What I believe is that all clear-minded people should remain two things throughout their lifetimes: Curious and teachable. If someone I respect tells me I must take a closer look at the films of Abbas Kiarostami, I will take that seriously. If someone says the kung-fu movies of the 1970s, which I used for our old Dog of the Week segments, deserve serious consideration, I will listen. I will try to do what Pauline Kael said she did: Take everything you are, and all the films you've seen, into the theater. See the film, and decide if anything has changed. The older you are and the more films you've seen, the more you take into the theater. When I had been a film critic for ten minutes, I treated Doris Day as a target for cheap shots. I have learned enough to say today that the woman was remarkably gifted."

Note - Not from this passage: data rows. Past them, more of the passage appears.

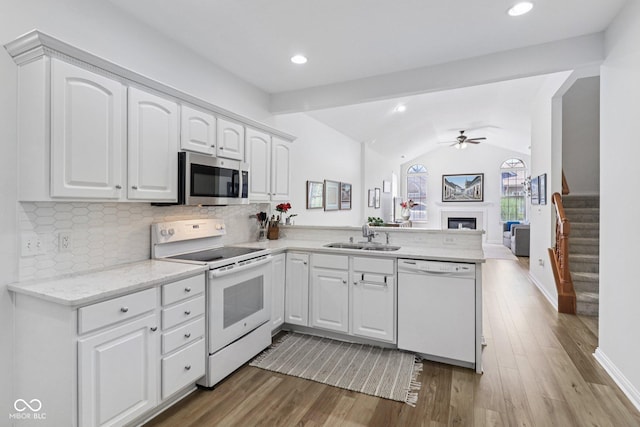 16636 Brownstone Ct, Westfield, IN 46074 - kitchen with white appliances, a peninsula, wood finished floors, ceiling fan, and vaulted ceiling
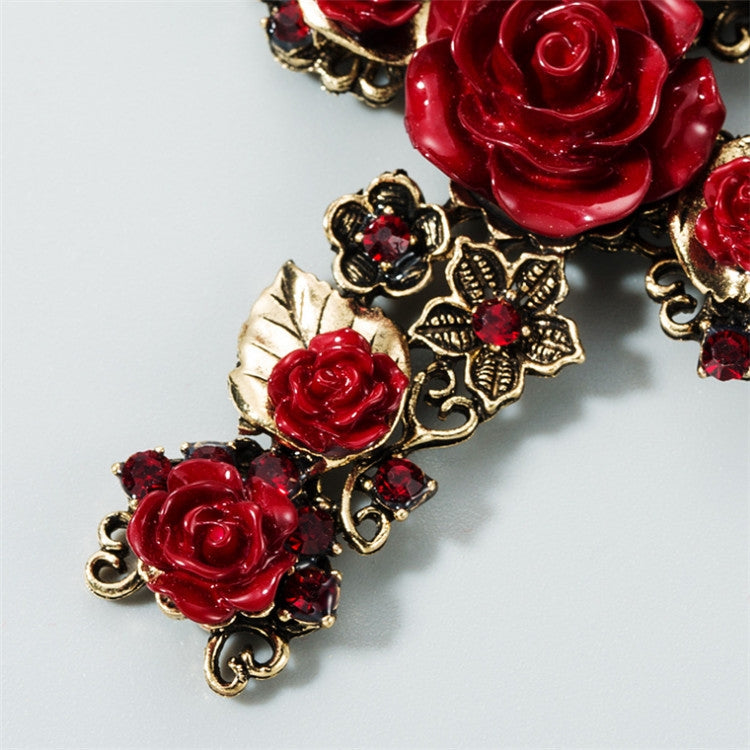 Close-up red rose cross dangle earrings with gold-tone flowers and black rhinestone trims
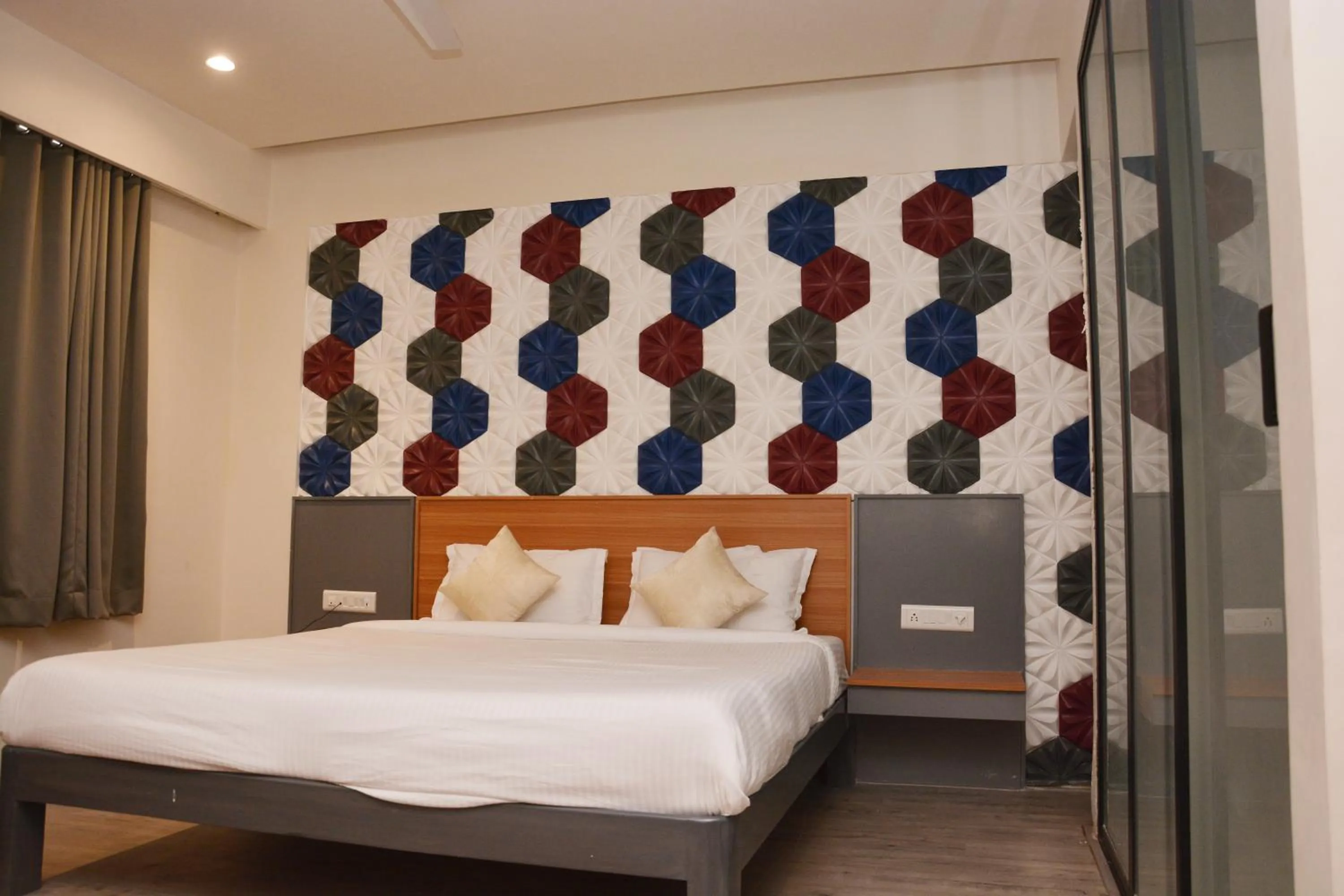 Bed in Hotel Sai Palkhi Niwara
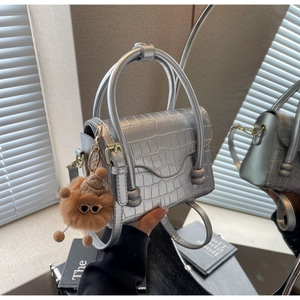 Detail of silver crocodile-embossed mini bag with metallic finish and plush charm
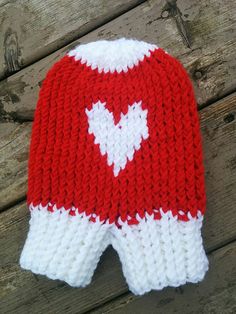 a red and white knitted hat sitting on top of a wooden table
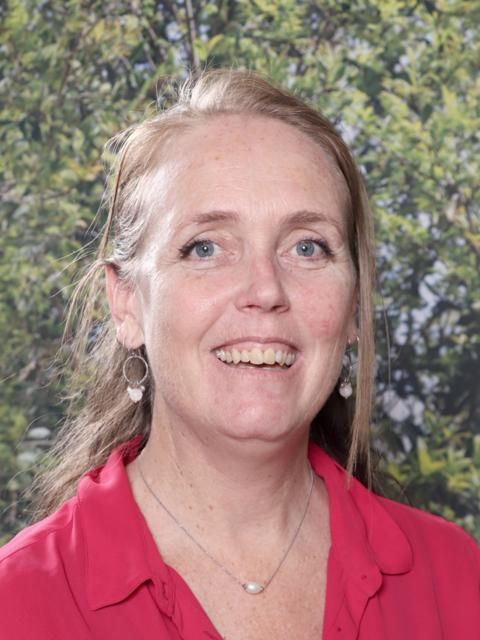 Woman with auburn hair smiles, wearing a red top, in front of greenery; likely a school setting.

I wouldn't say this is as clear-cut as, "The Valachi Papers is better than the Godfather," but there are things someone can be wrong about. How someone enjoys the film, or if they liked it, aren't things that someone can be wrong about. "If you need a long video, it's not good," is not an opinion. It's wrong as evident by every good movie or video game with limitless videos and essays written about them.

It's also something that even someone like Ebert experienced. When Unforgiven released, he wasn't enthused. He eventually considered it a great movie. I'm sure there were plenty of debates on it that led him to that point from its release in 1992 and its inclusion into his "Great Movies' list in 2005. Someone brought up Citizen Kane. That was not universally considered to be the GOAT upon release. Someone can easily in 2019 say, "No essays are needed to defend Citizen Kane," but that's because there have been decades of discussion and debate about it. It didn't capture the hearts and minds of everyone who saw it, which is why it didn't win Best Picture over How Green Was My Valley.

I know I've had my mind changed on things; it's not just a one and done once a film releases.